= Your goal =
What is needed is an exact reproduction of the lines in the records below, starting at the line with "Jaleco Sports Faceoffs Banner Image" and ending at the line with "The Body Shop", both included, and nothing else; pictures stay out.

= Given data =
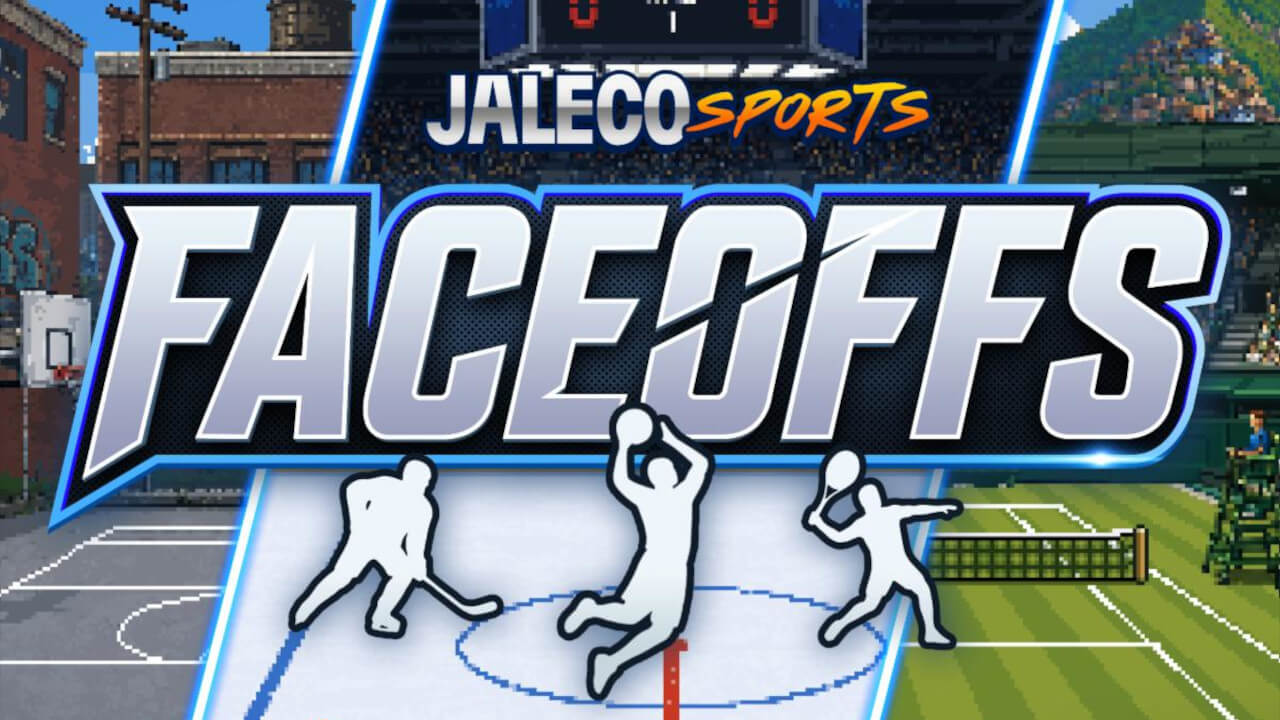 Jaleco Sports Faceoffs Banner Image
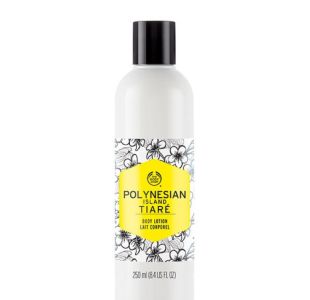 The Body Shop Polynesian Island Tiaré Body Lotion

--

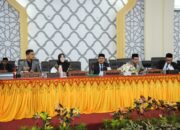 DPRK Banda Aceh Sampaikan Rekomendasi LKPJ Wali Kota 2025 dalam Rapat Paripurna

...

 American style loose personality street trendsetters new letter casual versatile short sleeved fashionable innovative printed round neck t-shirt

= Solution to the exercise =
 Jaleco Sports Faceoffs Banner Image
 The Body Shop Polynesian Island Tiaré Body Lotion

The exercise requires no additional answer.